"He recibido con gran preocupación el aumento de las tensiones entre Cuba y los Estados Unidos de América, dos países vecinos", lamentó el Papa estadounidense desde la ventana de sus aposentos papales. Las tensiones entre Estados Unidos y la isla caribeña se intensificaron considerablemente el jueves, después de que Donald Trump firmara una orden ejecutiva que estipulaba que Washington podía imponer aranceles a los países que vendieran petróleo a La Habana. La isla comunista, aliada de Caracas, había estado en la mira del presidente estadounidense desde la captura del presidente venezolano Nicolás Maduro a principios de enero.
La Iglesia cubana advierte sobre el riesgo de caos social. El Papa León XIV continuó su llamamiento, uniéndose al mensaje de los obispos cubanos, publicado este sábado, en el que "invita a todos los que ocupan puestos de responsabilidad a promover un diálogo sincero y eficaz, a fin de evitar la violencia y cualquier acción que pueda agravar el sufrimiento del querido pueblo cubano".
En este mensaje, los líderes católicos cubanos reflejan el sentimiento general que prevalece en toda la isla, ya agobiada por una crisis económica interminable: "Quienes están atentos y son respetuosos con el sufrimiento ajeno escuchan constantemente que las cosas no van bien, que no podemos seguir así". Este es un llamamiento, enfatizan, que se dirige a toda la sociedad, pero "fundamentalmente a quienes tienen la mayor responsabilidad al tomar decisiones por el bien de la nación".
"Lamentablemente, la situación ha empeorado y se ha agravado la angustia y la desesperanza", afirman. "Las noticias recientes, que anuncian, entre otras, la eliminación de toda posibilidad de que entre petróleo al país, disparan las alarmas, especialmente para los menos favorecidos", señalan. "El riesgo de un caos social y de violencia entre los hijos de un mismo pueblo es real. Ningún cubano de buena voluntad se alegraría de ello", advierten.
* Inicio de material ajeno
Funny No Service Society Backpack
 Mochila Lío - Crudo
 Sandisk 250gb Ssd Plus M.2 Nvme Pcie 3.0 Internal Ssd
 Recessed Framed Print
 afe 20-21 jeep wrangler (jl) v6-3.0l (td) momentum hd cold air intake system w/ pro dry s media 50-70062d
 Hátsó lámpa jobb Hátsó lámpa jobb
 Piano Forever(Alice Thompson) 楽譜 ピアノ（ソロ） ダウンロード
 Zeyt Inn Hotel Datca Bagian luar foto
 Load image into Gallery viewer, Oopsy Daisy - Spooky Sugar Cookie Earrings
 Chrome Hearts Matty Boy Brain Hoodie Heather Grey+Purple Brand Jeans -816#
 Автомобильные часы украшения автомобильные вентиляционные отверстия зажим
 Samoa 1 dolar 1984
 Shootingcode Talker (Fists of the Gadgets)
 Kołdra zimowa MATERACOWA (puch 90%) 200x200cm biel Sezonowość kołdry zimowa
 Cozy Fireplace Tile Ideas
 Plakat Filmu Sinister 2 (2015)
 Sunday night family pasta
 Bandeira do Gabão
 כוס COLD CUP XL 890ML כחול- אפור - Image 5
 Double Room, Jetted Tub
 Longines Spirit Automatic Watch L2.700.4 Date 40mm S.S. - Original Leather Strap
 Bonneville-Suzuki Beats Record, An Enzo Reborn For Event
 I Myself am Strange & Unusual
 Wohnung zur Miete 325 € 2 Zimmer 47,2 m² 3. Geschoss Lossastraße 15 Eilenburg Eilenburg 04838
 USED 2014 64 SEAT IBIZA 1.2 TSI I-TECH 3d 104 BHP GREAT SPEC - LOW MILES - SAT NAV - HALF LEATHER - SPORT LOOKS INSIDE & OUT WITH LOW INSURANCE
Subrayan que "Cuba necesita cambios y son cada vez más urgentes, pero no necesita para nada más angustias ni dolor. No más sangre ni más lutos en las familias cubanas. ¡Demasiado hemos tenido en nuestra historia reciente! Queremos y anhelamos una Cuba renovada, próspera y feliz, pero sin aumentar el sufrimiento de los pobres, de los ancianos, de los enfermos, de los niños cubanos".
Reafirmando el llamamiento lanzado el pasado mes de junio durante el Año Jubilar, subrayan que la realidad “dolorosa y acuciante” no sólo no ha mejorado, sino que “se ha agravado y la angustia y la desesperación se han intensificado”.